While I know your intentions were in the right place, you should have talked to your friend first.

There are horror stories out there about abuse once in CPS custody by, yes, CPS agents.

I'd stay out of it, as you did not witness anything directly.

I would not have totally stayed out of it but would not have called CPS in that situation right away.

Many years ago I lived in a high rise building - nice building.  I saw a toddler with her nanny -an older woman - it could have been the grandmother/family member.  They looked somewhat similar -of Asian descent.  Anyway I saw the nanny yank the toddler really hard by the arm and kind of drag her.  At that age that seemed really aggressive and potentially very harmful.
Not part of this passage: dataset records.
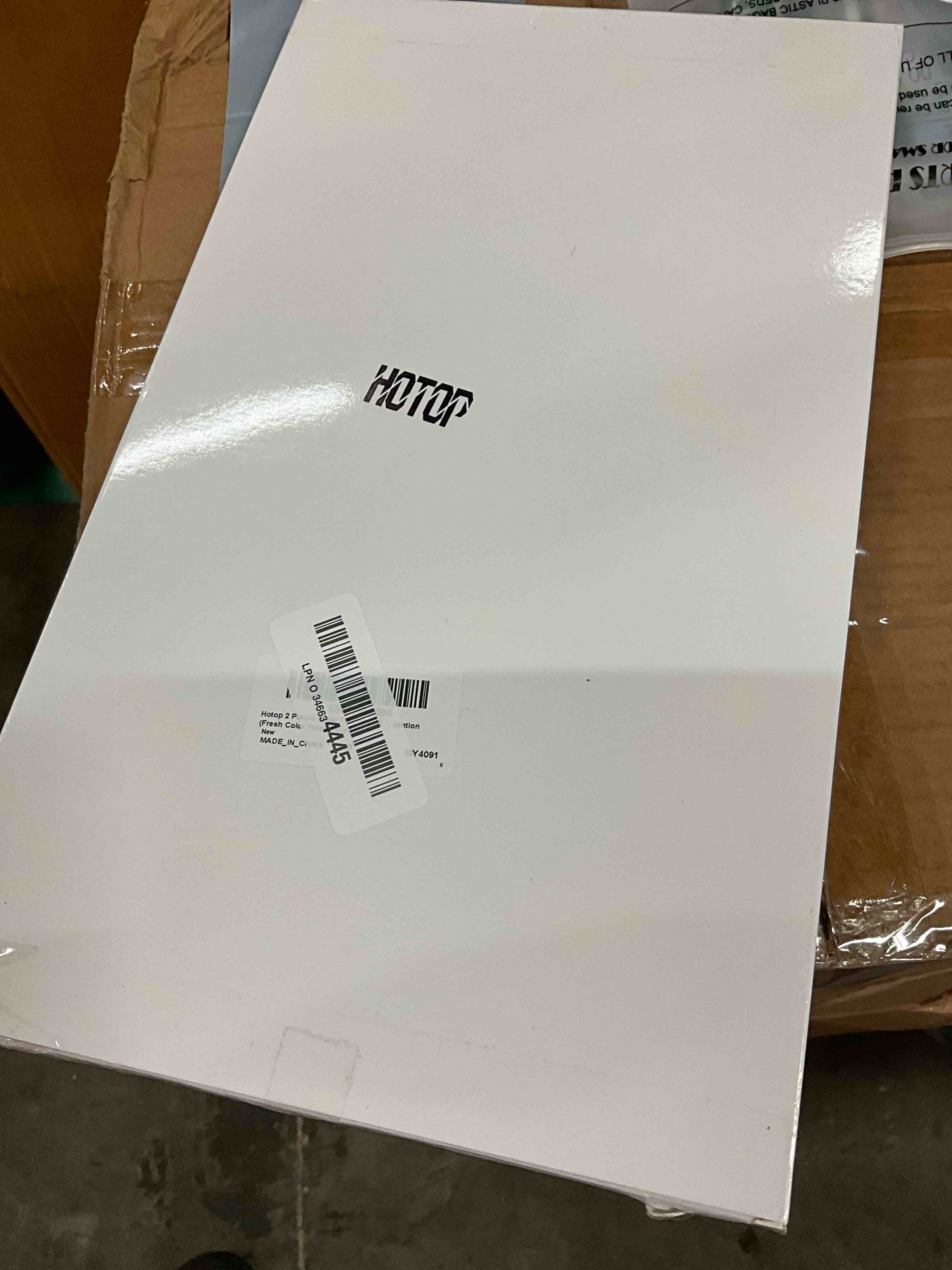 https://s3.amazonaws.com/lotting-images-prod/bidfta/PNK3361057_1755551394802.jpeg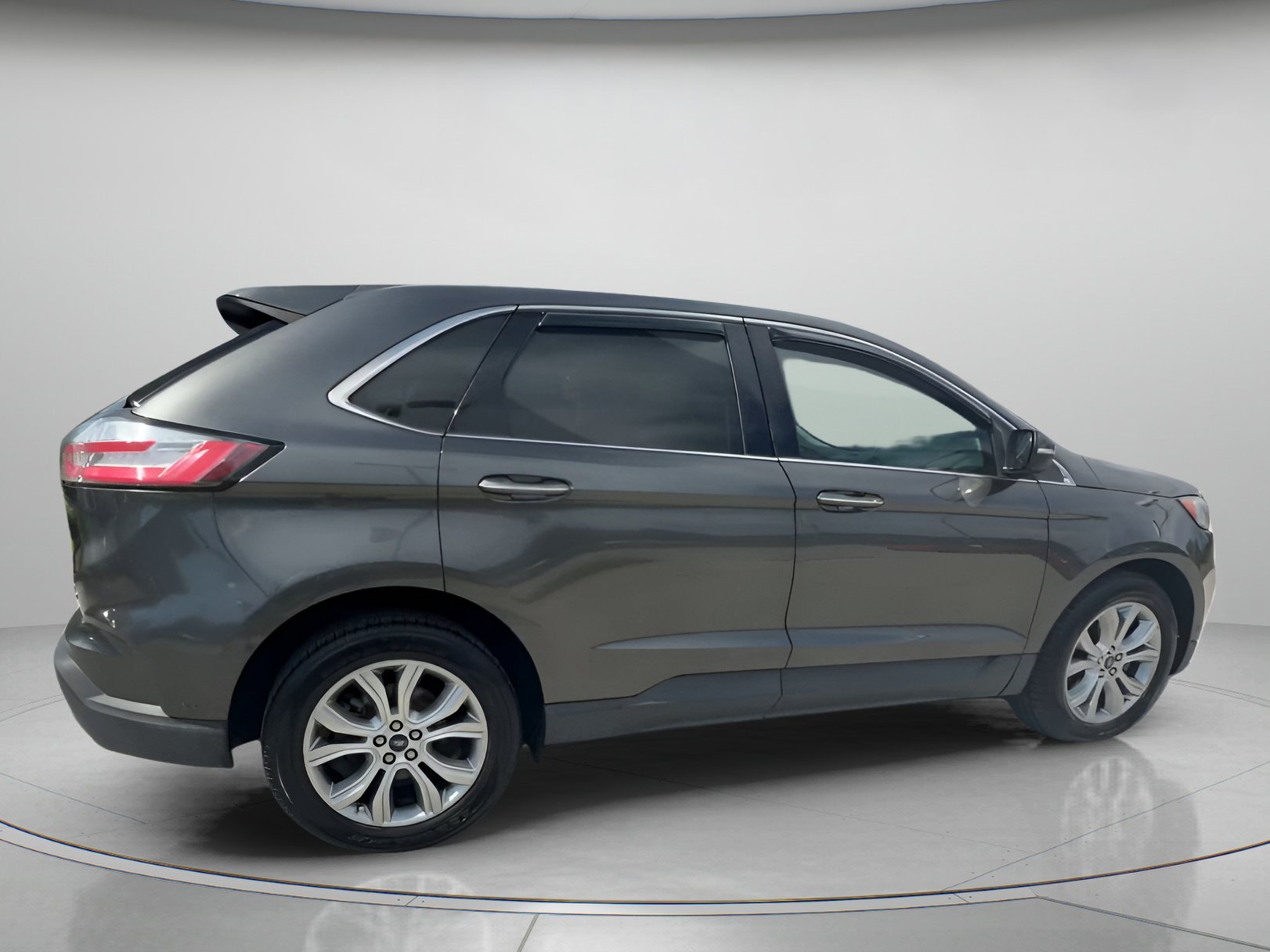 Certified 2019 Ford Edge Titanium w/ Equipment Group 301A FWD image 32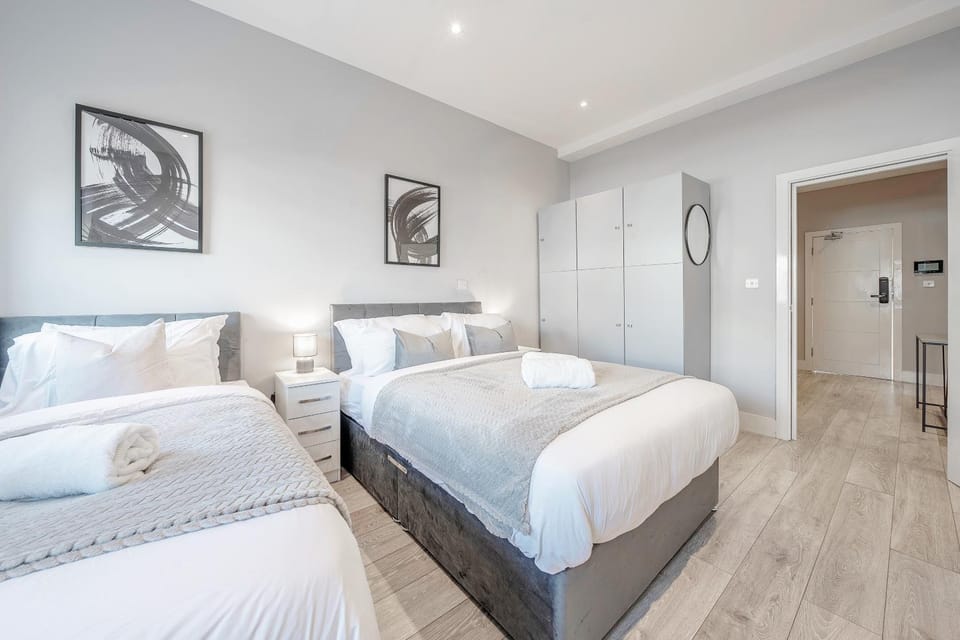 Avenir Heights by MCF Apartment in London Borough of Croydon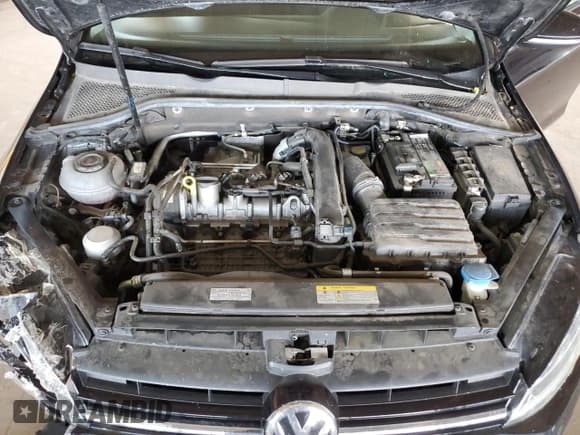 ✅ 2021 Volkswagen Golf TSI • VIN: 3VWG57AU1MM006500 • Lot: 64201314. Wystawiony na Copart z przebiegiem 75 129 mil. Bezpłatny archiwum sprzedaży aukcyjnych z USA i szczegółowy raport historii pojazdu na DreamBid. Zdjęcie 11.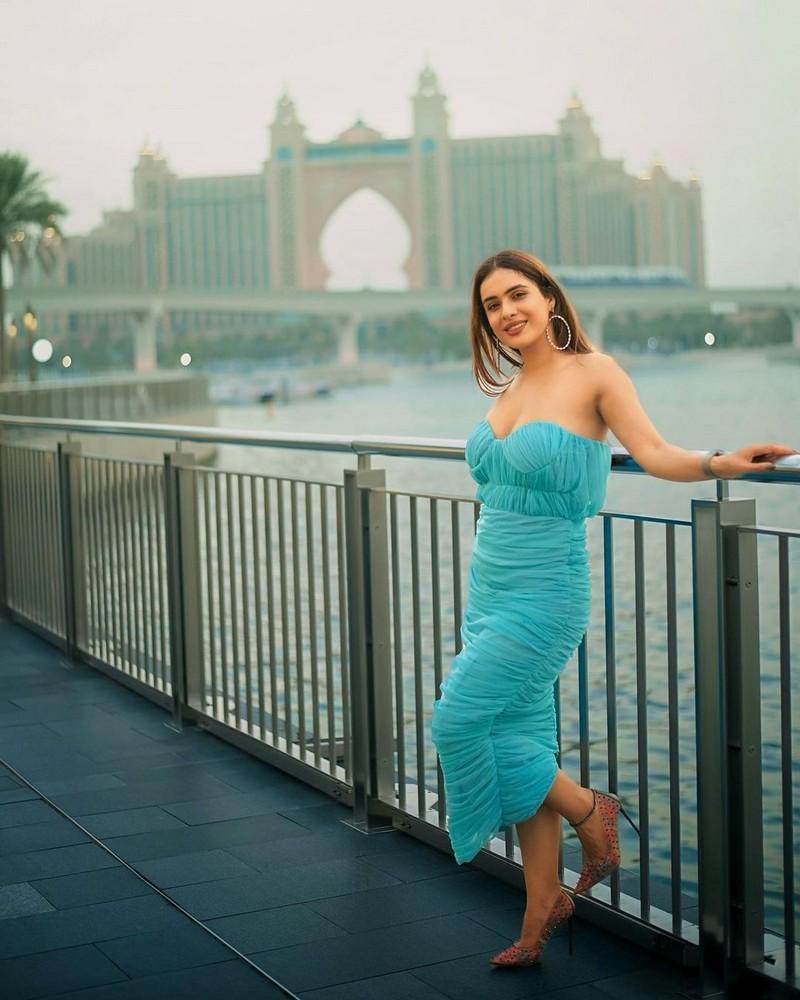 Nehhaa Malik 6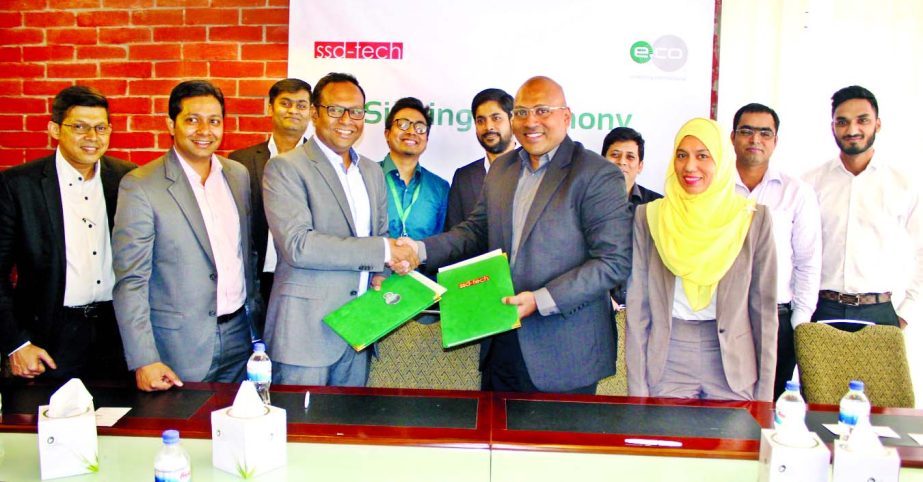 Darryl Sinnappa, Managing Director of edotco Bangladesh and Rayan Rahman, Head of Finance of SSD-Tech, inks a deal at a city hotel on Thursday. The agreement will help SSD-Tech to expand their network coverage across the country.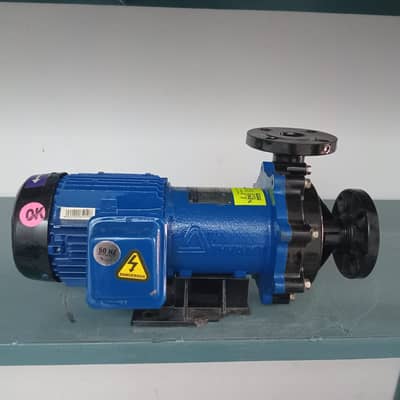 Industrial Magnetic Drive Pump 2HP | Iwaki Type | Chemical Acid Alkal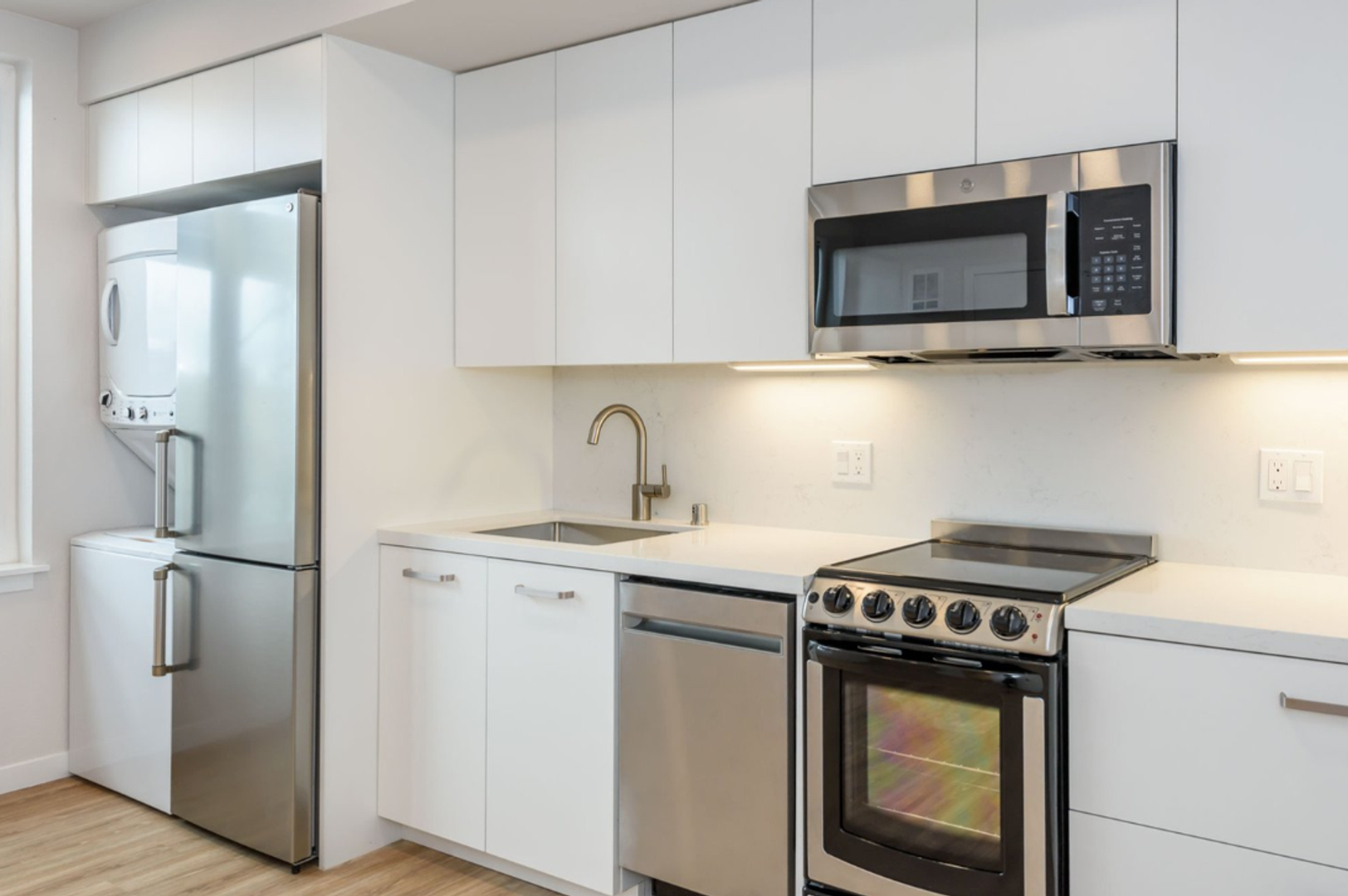 Berkeley Apartment: 2067 University Ave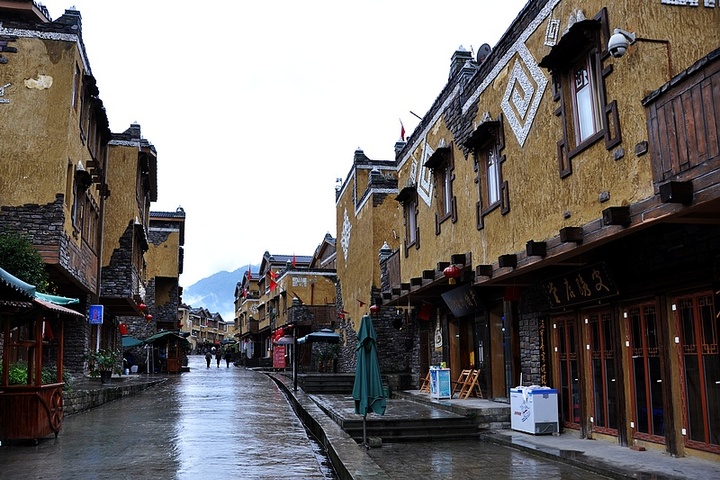 雨游汶川水磨羌城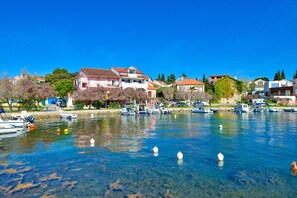 Marina - Beautiful sea view apartment (Petrcane)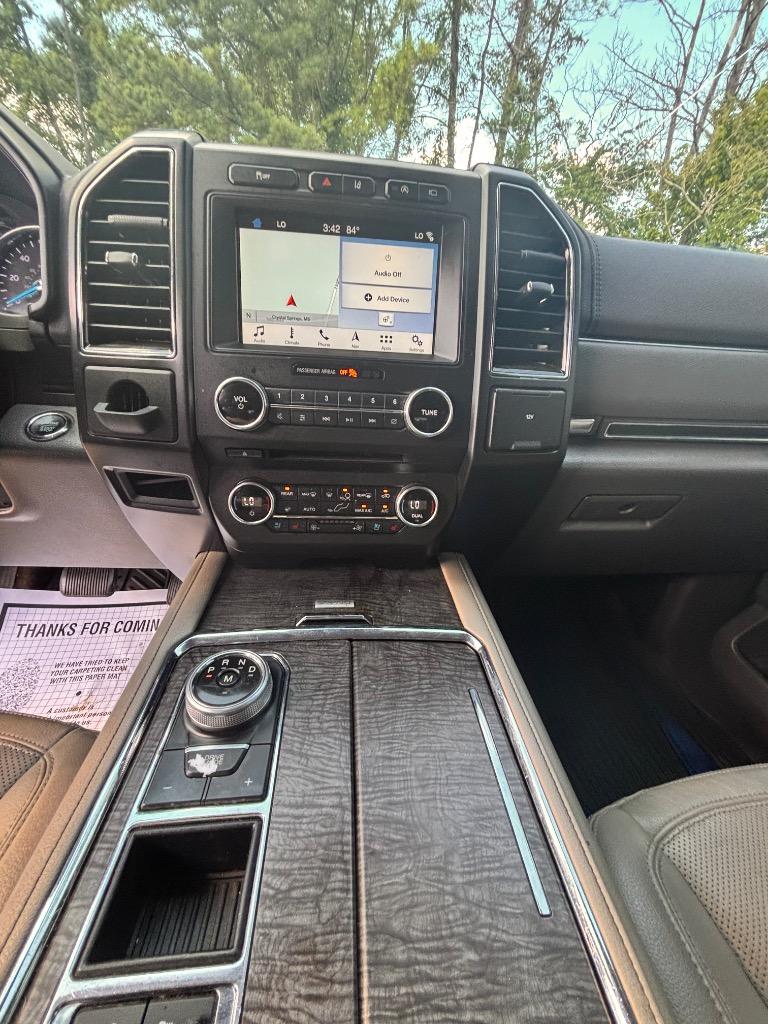 2018 Ford Expedition - $22,800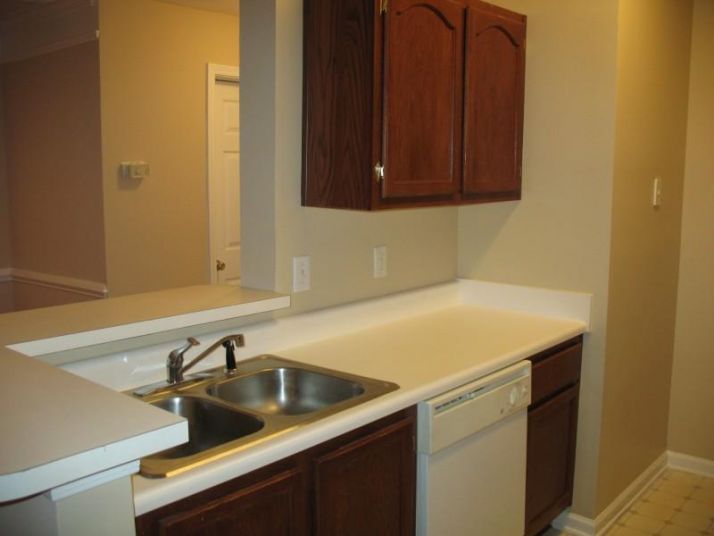 2700 Pine Tree Road, Atlanta, GA 30324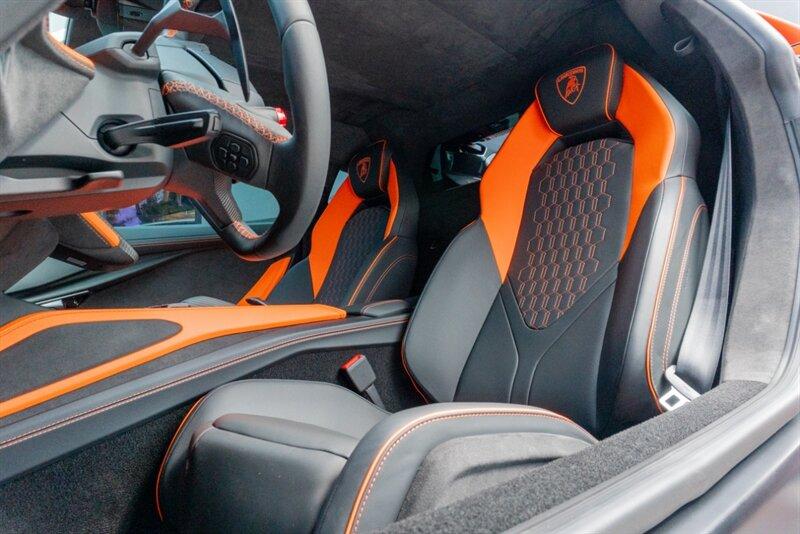 2024 Lamborghini Revuelto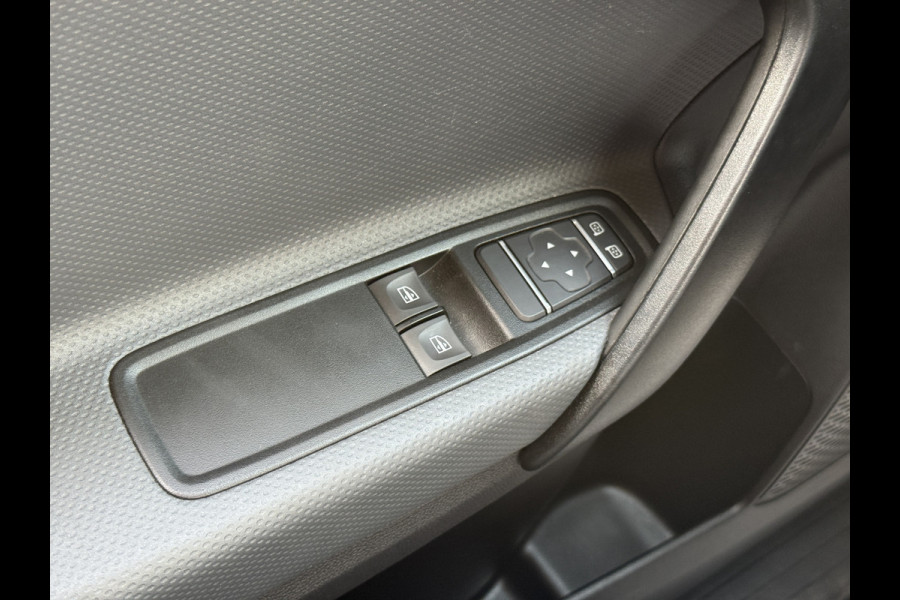 Mercedes-Benz eCitan 112 51kWh L2 Pro 284 WLTP MBUX Trekhaak 75kW Snelladen Apple Carplay Cruise Control Laadkabel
I saw the mom (who I didn't know but it was obviously her mother) a week or so later. I approached her gently.  I said "hi, I wanted to talk with you about something I saw your nanny doing the other day..." - before I could go any further (maybe I was able to say a word or two with the word "arm") she said abruptly and kind of coldly "she's fine" - maybe a few other words like that -she did NOT want to hear what I had to say.  She almost ran away from me.  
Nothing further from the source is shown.